Text output from the above small program:

You get only 10 items from vector {1,1, 2,2,2}, because 5! / (2! * 3!) = 120/(2*6) = 10.

The implementation file for the adaptor class, MSetPermGen.cpp , consists of two parts. The first part is FXT code with minimal adaptations. The second part is the MSetPermGen class proper.

First part of implementation file:

// File:  MSetPermGen.cpp - part 1 of 2 - FXT code

// -------------- Beginning  of header-only FXT combinatorics code -----------

 // This file is part of the FXT library.
 // Copyright (C) 2010, 2012, 2014 Joerg Arndt
 // License: GNU General Public License version 3 or later,
 // see the file COPYING.txt in the main directory.

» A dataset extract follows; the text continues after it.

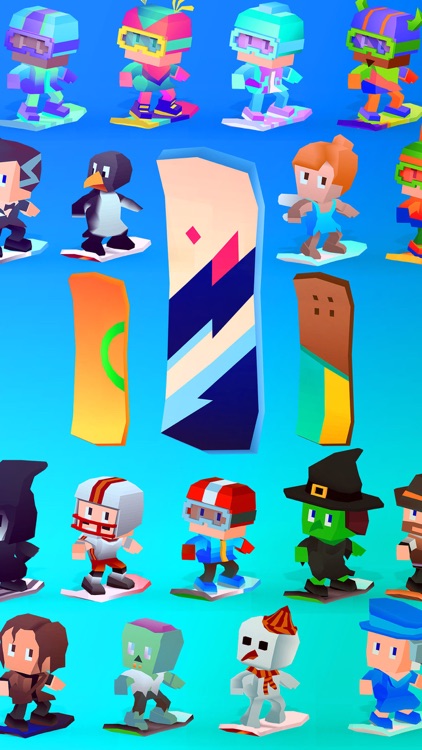 Blocky Snowboarding - Endless Arcade Runner screenshot-4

//--  https://www.jjj.de/fxt/ 
//--  https://fossies.org/dox/fxt-2018.07.03/mset-perm-lex_8h_source.html

#include  <cstddef>
using ulong = std::size_t;

inline void  swap2(ulong& xa, ulong& xb)
{
    ulong  save_xb = xb;

    xb = xa;
    xa = save_xb;
}

class mset_perm_lex
 // Multiset permutations in lexicographic order, iterative algorithm.
 {
 public:
     ulong k_;    // number of different sorts of objects
     ulong *r_;   // number of elements '0' in r[0], '1' in r[1], ..., 'k-1' in r[k-1]
     ulong n_;    // number of objects
     ulong *ms_;  // multiset data in ms[0], ..., ms[n-1], sentinels at [-1] and [-2]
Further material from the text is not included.